**Dataset excerpt:**
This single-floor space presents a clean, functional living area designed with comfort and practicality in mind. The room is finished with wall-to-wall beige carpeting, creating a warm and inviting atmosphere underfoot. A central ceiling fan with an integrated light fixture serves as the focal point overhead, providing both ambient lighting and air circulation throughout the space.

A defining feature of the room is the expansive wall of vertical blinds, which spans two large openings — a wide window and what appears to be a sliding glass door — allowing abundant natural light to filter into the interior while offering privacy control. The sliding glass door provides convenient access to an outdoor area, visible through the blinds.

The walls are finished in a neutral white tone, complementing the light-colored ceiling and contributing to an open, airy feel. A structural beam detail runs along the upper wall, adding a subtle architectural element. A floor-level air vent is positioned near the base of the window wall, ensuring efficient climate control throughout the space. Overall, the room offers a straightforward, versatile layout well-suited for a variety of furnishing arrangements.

**Action item:** An exact copy of the material above is needed.

**Solution for this problem:**
This single-floor space presents a clean, functional living area designed with comfort and practicality in mind. The room is finished with wall-to-wall beige carpeting, creating a warm and inviting atmosphere underfoot. A central ceiling fan with an integrated light fixture serves as the focal point overhead, providing both ambient lighting and air circulation throughout the space.

A defining feature of the room is the expansive wall of vertical blinds, which spans two large openings — a wide window and what appears to be a sliding glass door — allowing abundant natural light to filter into the interior while offering privacy control. The sliding glass door provides convenient access to an outdoor area, visible through the blinds.

The walls are finished in a neutral white tone, complementing the light-colored ceiling and contributing to an open, airy feel. A structural beam detail runs along the upper wall, adding a subtle architectural element. A floor-level air vent is positioned near the base of the window wall, ensuring efficient climate control throughout the space. Overall, the room offers a straightforward, versatile layout well-suited for a variety of furnishing arrangements.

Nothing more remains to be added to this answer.